We live in Earthquake country and the rolling black-out State of California. Having been through several Earthquakes over the years I have been accustomed to having an earthquake kit for my home. Currently we have two suitcases and a duffel bag that are packed with essentials should we have to run out the door in an emergency situation.

The car also has a package of diapers, crackers, books, health supplies, towels and water. The duffel bag contains a large stack of negatives for our photo collection. Some of the other items I have in this duffel bag include:

school certificates
class pictures
letters of reference from custody hearing
SSI award letters
banking information
insurance information
copies of Social Security cards and my drivers license
copies of birth certificates
diagnosis reports
credit report
baby books
my childhood photos
copy of recent IEP
2-way radios
PECS cards
deck of cards
notebook for drawing

One suitcase contains clothing for all three of us. Each season I go through this suitcase to toss out old clothes that no longer fit and replace with current seasonal items. I have sheets, garbage bags, and raincoats inside as well.

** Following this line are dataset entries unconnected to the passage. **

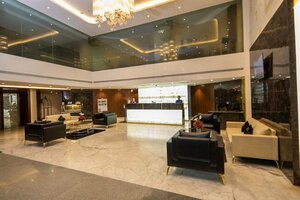Гостиница Goldfinch Hotel Mangalore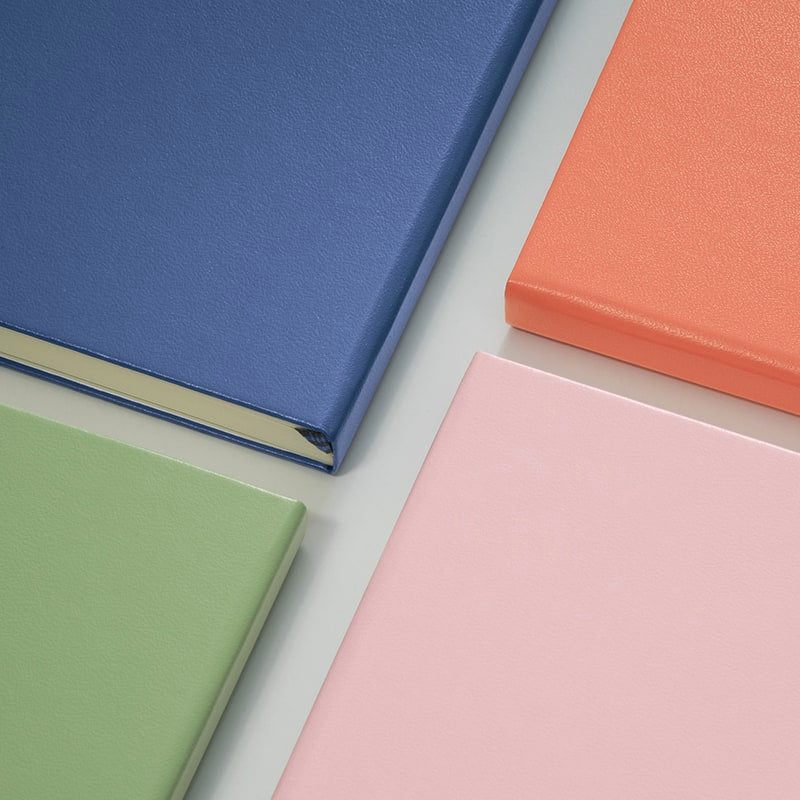 Leuchtturm1917 Notebook Softcover (A5), Dotted - Sage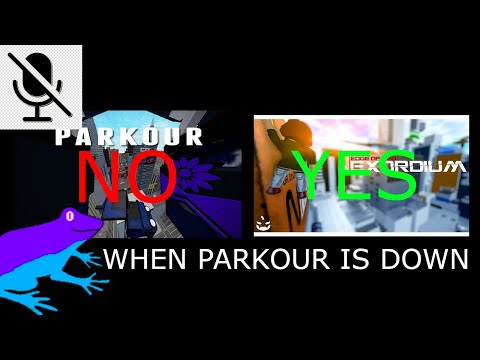 When PARKOUR Is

The remaining suitcase is for all health and beauty related items. I stock a variety of batteries. Each time a major disaster occurs around the country I use that time to stock up on more batteries. A local dollar store is perfect for this purchase. We have extra prescription medications in here that I continue to rotate with newer ones. My asthma medication and cortisone ointments and creams are stored inside along with a supply of the antipsychotic medication Matthew takes and a bottle of Melatonin for Nicholas. Samples of cough medicine and benadryl received from the Doctor's office are perfect for the suitcase.

Other items include:

flashlights
straws, plastic spoons and forks
matches
candles
boxes of sample sized soap
toothbrushes and toothpaste
cereal
pot holders
bandaids
first aid cots (for finger tips)
radio
wipes
flonase
hand lotion
deodorant
can opener
Dr. Spock book
first aid book
english-spanish dictionary
two-way radios
fruit snacks
samples of tylenol pm
breath strips
neosporin packets
cosmetic samples (from magazines and in mail - Olay, etc)
stack of my business cards
list of banking locations for my Bank
gauze pads
tampons
razors
disposable washcloths
two books for each child
pens/pencils
magazines
videos


I went through my suitcase for my supply this past Spring Break when we went to Sea World in San Diego via the Amtrak train. Packing for an emergency is much the same like packing for a weekend trip. Think of all things you need and place an extra one of that inside your emergency suitcase/duffel bag or backpack.

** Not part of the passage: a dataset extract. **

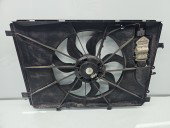 Electroventilator Mercedes Clasa A (W176) [Fabr 2012-2018] A2465000093 1.5 CDI 607951 80KW / 109CP
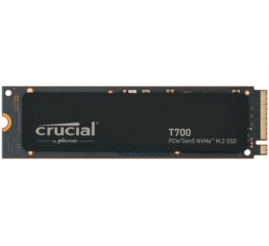 Slika izdelka: Disk SSD M.2 NVMe PCIe 5.0 4TB Crucial T700 2280 12400/11800MB/s (CT4000T700SSD3)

Recently we were in a financial crunch for a week when my paycheck was late and my car was in need of repairs. I was able to gather supplies from my suitcase and car to help out with toiletries we needed in the home. I kept these items on my shopping list and replenished the suitcase supply.

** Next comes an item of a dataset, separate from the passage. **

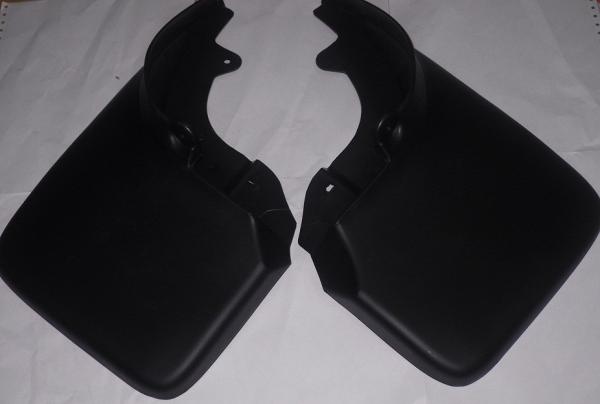 Quality Black Car Rubber Mud Guards Replacement of Toyota Land Cruiser FJ60 / FJ62 for sale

There is a line of products that I have utilized and told many about. These are perfectly suited for autistic kids and those with Alzheimer's. No-Rinse makes a shampoo that needs no water and is ready to use. They have a bath product and the washcloths. They are available at Sally Beauty Supply Stores in full sizes for under ten dollars. Through the Website you can get samples of the smaller sized bottles. Their products are used by NASA, campers, hikers, the military, cyclists and truckers. I highly recommend the No-Rinse Shampoo - you just apply, lather and towel dry. You can do this while following around your child through the house!

Both my kids still have a product I purchased when they were preschoolers My First Flashlight by Playskool. Nicholas uses it all the time and keeps it close by during storms.

A product I wish we still had, but during a home robbery it was taken, is the Portable 7" DVD Player. This enabled my kids to enjoy the three-hour train ride. I highly recommend getting one for your household and save the battery for times when you will need it. We will be investing in another Cyber Home DVD Player this holiday season. It is available at Amazon.

I have had a Spectra Black and White TV with AM/FM radio for many years that requires 10 "C" batteries. To view what this type of small B&W TV looks like, this is available from sellers on Amazon. It is very lightweight and handy in emergencies when the power is out and you want to hear the news to find out if the whole city or just your neighborhood is out. I lived in New Jersey during the power outage back in the 1970s.

Since I have yet to own a cell phone and do not drive a vehicle that is equipped with On Star I am thinking a CB Radio might be the next purchase for our emergency preparedness kit. A CB radio is available at Amazon. The two-way radio I purchased at KB Toys was useful for Sea World and playing around the house, but I want a better one for emergency purposes to keep on hand. This one is a value pack with two batteries available at Amazon.

Also consider storing extra pillows and blankets in your car and update your auto and home emergency kits as the seasons change. Also test your smoke detectors and invest in a carbon monoxide detector. I bought mine on ebay and also purchased a mold test kit through Avon a few months ago.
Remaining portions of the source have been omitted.